Giussano: taglio del nastro per la nuova sede di In-Presa
Nuova sede per In-Presa a Giussano (Foto by Federica Verno)

Giussano: taglio del nastro per la nuova sede di In-Presa

In-Presa di Carate cresce e apre una nuova sede a Giussano per la formazione dei ragazzi: cucina e sartoria, falegnameria, tappezzeria e laboratorio elettrico.

Taglio del nastro, nella mattinata di sabato 2 ottobre della nuova sede di In-Presa nei locali dell’ edificio della parrocchia attiguo alla chiesa dei Santi Filippo e Giacomo di Giussano.

Numerose le autorità presenti: monsignor Luciano Angaroni, vicario episcopale, che ha presieduto la messa alle 9, Fabrizio Sala, assessore all’Istruzione, università, ricerca, innovazione e semplificazione di Regione Lombardia; Marco Citterio, sindaco di Giussano; Luca Veggian, sindaco di Carate Brianza; Stefano Bolognini, assessore allo sviluppo città metropolitana giovani e comunicazione di Regione Lombardia e Cristina Camesasca, assessore ai Servizi Sociali di Carate Brianza. Presente anche il parroco don Sergio Stevan e altri rappresentanti dell’amministrazione.

Il tagli odel nastro per la sede di In-Presa

Il tagli odel nastro per la sede di In-Presa
(Foto by Federica Verno)

La nuova sede nasce per essere un luogo che vuole esprimere la passione educativa di In-Presa e offrire un «tentativo di educare, attraverso tutto quello che si propone ai ragazzi per far loro percepire che la vita ha un senso, che è carica di significato, che sono voluti, per cui, con noi, vale la pena provarci», diceva Emilia Vergani la fondatrice di In-Presa.

Nuova sede per In-Presa a Giussano

Nuova sede per In-Presa a Giussano
(Foto by Federica Verno)

«Siamo orgogliosi di dar vita a questo nuovo progetto - così il presidente della cooperativa In-Presa Roberto Turati - che vuole essere un tentativo di comunicare una speranza, offrendo un luogo e una compagnia con la quale i ragazzi in difficoltà possono coinvolgersi per riprendere fiducia su ciò che il loro cuore sente e desidera».

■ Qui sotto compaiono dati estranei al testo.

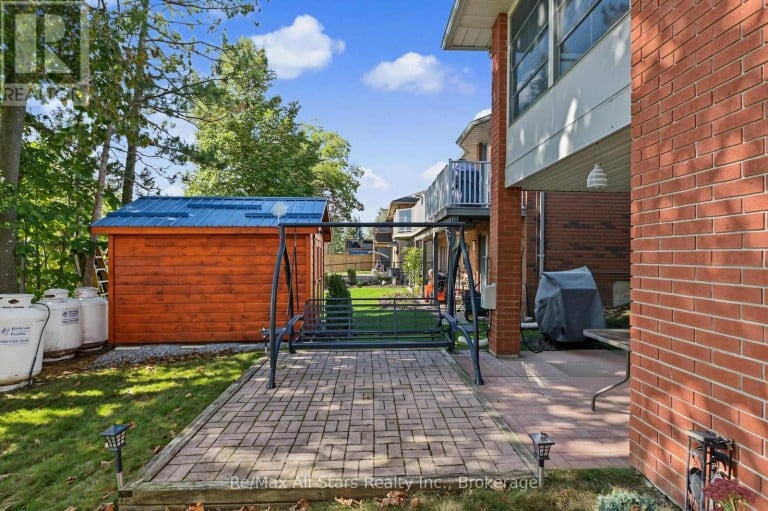 9 HILLVIEW DRIVE, Kawartha Lakes (Bobcaygeon), Ontario, K0M1A0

La nuova sede è dedicata ai ragazzi in difficoltà scolastica, sociale e lavorativa per offrire dei percorsi personalizzati orientati al lavoro e alla formazione.

La formazione è rivolta ai ragazzi di seconda e terza media a rischio di dispersione scolastica per sostenerli a raggiungere la licenza media e far riscoprire il valore dell’apprendimento. Queste attività si svolgono in stretta collaborazione con le scuole medie e i Comuni del territorio. I laboratori educativi e formativi, orientati al lavoro, accompagneranno i giovani neet (not in education, employement or training, ovvero che non studiano, non lavorano e non sono in formazione). Tanti i laboratori improntati sul lavoro come dimensione che dà valore alla persona: il laboratorio di sartoria, il laboratorio di cucina, la falegnameria, la tappezzeria e il laboratorio elettrico. La sede rimarrà aperta anche domani, domenica, dalle 9 e 15 alle 13.

Il progetto è stato realizzato grazie al supporto di Fondazione Camerani & Pintaldi, UniCredit, mediante Il Progetto “Carta E”, che, grazie alle carte di credito a contribuzione Etica permette di sostenere diverse iniziative di solidarietà sul territorio, Fondazione Cattolica Assicurazioni, Fondazione AEM e Fondazione Credito Valtellinese.